Pues ya están los obispos en pie de guerra en contra del anuncio y sus monagos del PP pidiendo que se retire. Lo de siempre: unos señores pretenden coartar la libertad de expresión de otros pretextando no un daño objetivo y claro a un bien público (por ejemplo, un folleto en el que se mienta sobre las posibles consecuencias patógenas de una crema dentífrica) sino aduciendo que hiere la sensibilidad de unos u otros y sus creencias que, en todo caso, son un asunto privado.

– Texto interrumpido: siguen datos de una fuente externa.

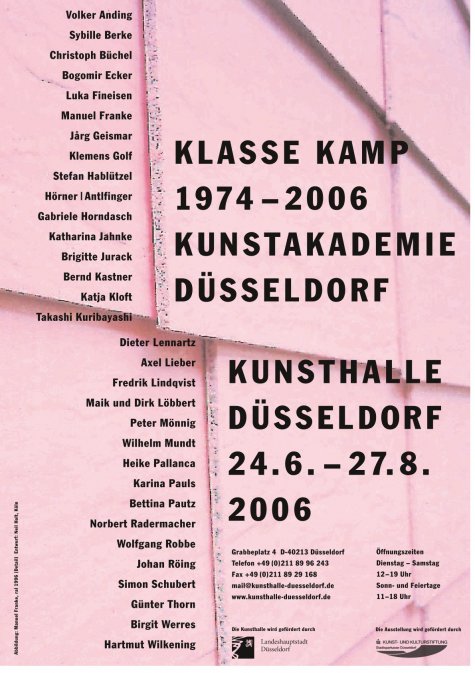 Klasse Kamp 1974—2006
24.6. – 27.8.2006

Como era de esperar, ya han salido a relucir las famosas caricaturas de Mahoma en Dinamarca y el consiguiente follón. Un diputado del PP de olvidable nombre ha dicho que se siente legitimado para protestar por este “atropello” porque en su día protestó contra el otro. O sea, que el mucho protestar da la razón. A mi ver se trata de dos protestas muy legítimas, desde luego, pero sin sentido, propias de quienes pretenden convertir en ley universal sus sentimientos, creencias, caprichos y supersticiones y que parecen dispuestos a reconocer lo mismo a cuantos neuróticos como ellos haya en el planeta.

Pero esto no es admisible y ya aburre a las ovejas. El que se sienta ofendido en sus creencias privadas por una manifestación pública ajena a ellas es libre de no atender, no mirar, no escuchar a quien perpetre la supuesta ofensa. También a mí me parece deplorable que unas gentes mayores de edad crean a ojos evidentemente cerrados que una señora puede ser madre y virgen al mismo tiempo o que otro señor muerto por crucifixión resucite al tercer día y ascienda a los cielos como si nada, pero no se me ocurre coartar su libertad de expresión.

La blasfemia puede ser un pecado atroz y llevar aparejadas las peores penas en esta vida para los creyentes dentro de su iglesia y en la otra, si la hay, para todos, pero no puede ser un comportamiento jurídicamente sancionable. Si los católicos quieren que el ordenamiento jurídico sancione sus supersticiones, que se compren una isla y establezcan una teocracia, pero que nos dejen en paz a los demás, que ya somos mayores para decidir qué queremos ver y qué no.

Incidentalmente y, como siempre pasa con la estupidez, menuda propaganda han hecho los curas y los meapilas al club de fútbol de Getafe.